Mandatory Credit: Wendell Cruz-USA TODAY Sports

As a transplanted New Yorker, it was a bittersweet weekend of baseball in light of the September 11th tributes from Citi Field, Ground Zero, and across the pond to Buckingham Palace.

Watching the subway series in the borough where I broke my baseball cherry, made me nostalgic, and neurotic – because the worst feeling for a Mets fan – is losing to the rivaled Yankees.

After blowing a two-run lead the night before, it appeared that this might have a similar ending, especially when another managerial mishap by Luis Rojas led to a two-run homer by a player who should never have seen one pitch.

In the top of the seventh Brad Hand relieved Miguel Castro, who did a bang up job getting out of the sixth with back-to-back strikeouts, after Jeurys Familia turned a 5-2 lead into 5-4 with the second swing of Geyser Torres’ bat.

Hand inherited DJ LeMahieu at first. He then erased Anthony Rizzo on eight pitches and fanned Brett Gardner looking at his 93 mph four-seam fastball.

Rojas decides the best move to make is allowing the hot slugging Giancarlo Stanton to bat when a very doable out, in the name of Joey Gallo, is on deck. Here’s where I want to ask to speak to the manager, but he IS the manager, so, I curse at him through the TV.

You know what happens next without even seeing the game because you’ve been following the Mets saga all season. Now with the score six apiece – I’m dreading a repeat of Aaron Judge’s heartbreaking second home run from Saturday night – the antithesis of Mike Piazza’s emotional post 9/11 moment, twenty years prior.
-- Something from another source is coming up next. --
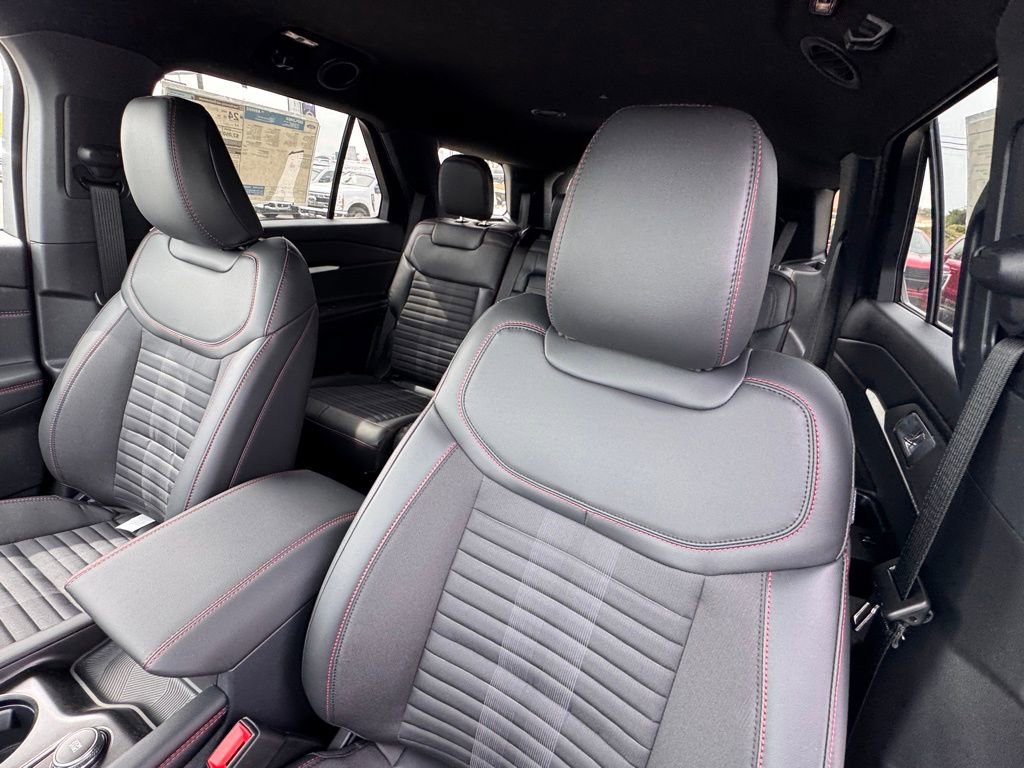 New 2026 Ford Explorer ST-Line image 17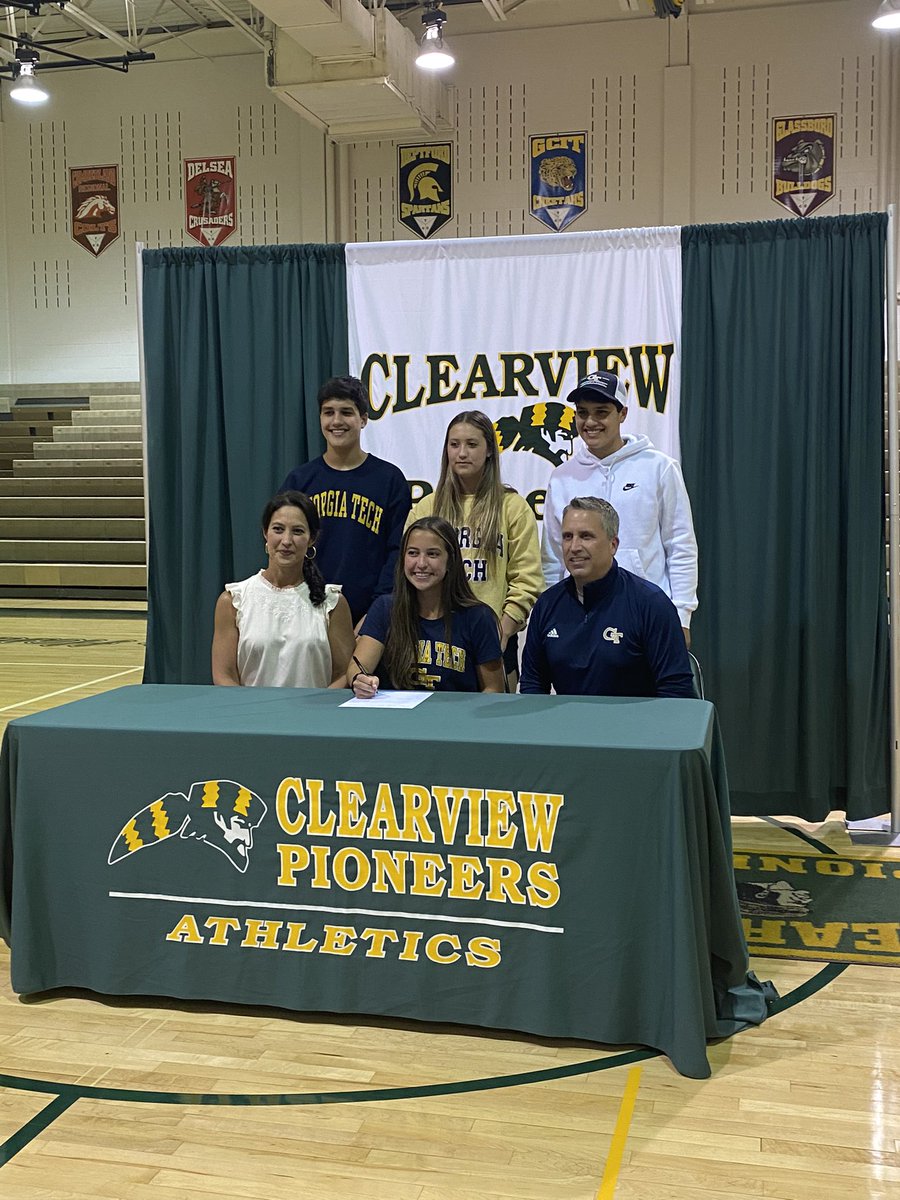ViewGirlsTrack's tweet image. CONGRATS, Katherine!  Katherine will be running X-country and track at Georgia Tech next year! 💚💛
This is no comparison in importance, but it is pivotal that the Mets keep winning in order to stay afloat. Maybe this belief is just prolonging the inevitable pain that awaits – but then, Francisco Lindor launches the last of his three home runs, done from both sides of the plate, putting the Mets in the driver’s seat, 7-6, and me delusional all over again.
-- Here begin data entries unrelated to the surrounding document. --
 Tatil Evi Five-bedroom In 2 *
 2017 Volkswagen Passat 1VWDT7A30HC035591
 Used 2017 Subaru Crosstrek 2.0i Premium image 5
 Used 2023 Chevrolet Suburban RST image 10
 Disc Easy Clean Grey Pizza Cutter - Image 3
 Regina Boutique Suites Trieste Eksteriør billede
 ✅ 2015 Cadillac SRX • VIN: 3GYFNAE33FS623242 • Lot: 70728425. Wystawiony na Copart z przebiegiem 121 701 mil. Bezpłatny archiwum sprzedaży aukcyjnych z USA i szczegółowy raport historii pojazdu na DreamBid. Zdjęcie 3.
In the top of the ninth, with yet another precarious lead, Rojas calls upon Edwin Diaz, even though there are potential great pitchers in the stands, wearing Mets uniforms. I want to ask to speak to his supervisor, but I don’t have the dugout phone number, so I curse at the TV some more.
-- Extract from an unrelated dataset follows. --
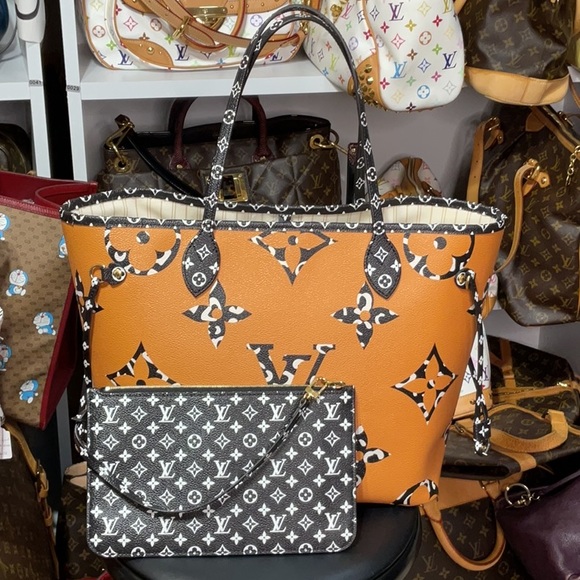 Louis Vuitton Handbags - LOUIS VUITTON by the Pool Monogram Giant Neverfull MM Tote Bag Shoulder Rose ...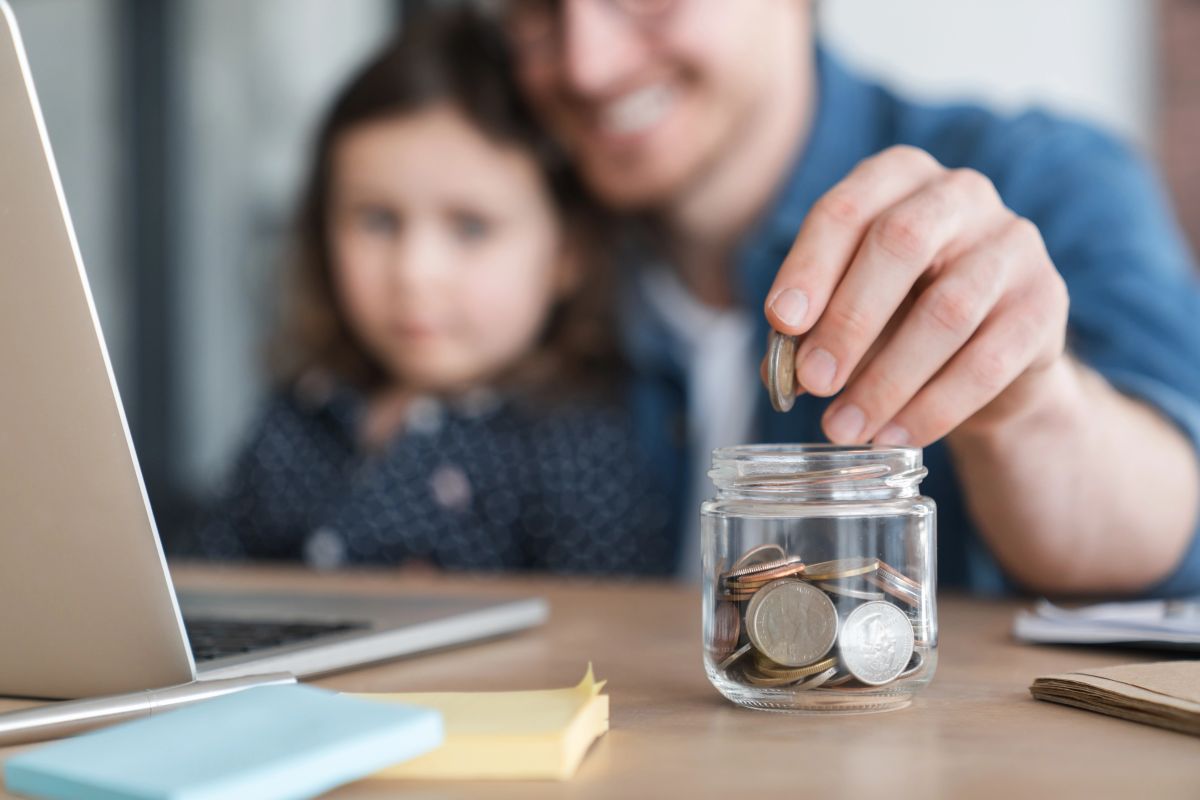 V tomhle věku má dítě začít hospodařit s penězi. 90 % rodičů dělá chybu, která je bude v budoucnu velmi mrzet V tomhle věku má dítě začít hospodařit s penězi. 90 % rodičů dělá chybu, která je bude v budoucnu velmi mrzet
I’m conditioned to believe this isn’t going to fare well for Diaz, even though he strikes out the first batter. As soon as he surrenders a single and walks the next hitter, and a passed ball puts both runners in scoring position, I think, “Life couldn’t be this cruel. If he blows this save, he might not recover.”

Then in a very special Mets episode, with a little too much drama for comfort, the Puerto Rican born pitcher gets Gardner swinging on a slider, and pops up Stanton to short, keeping his ball clubs’ playoff run alive.

This is exhausting.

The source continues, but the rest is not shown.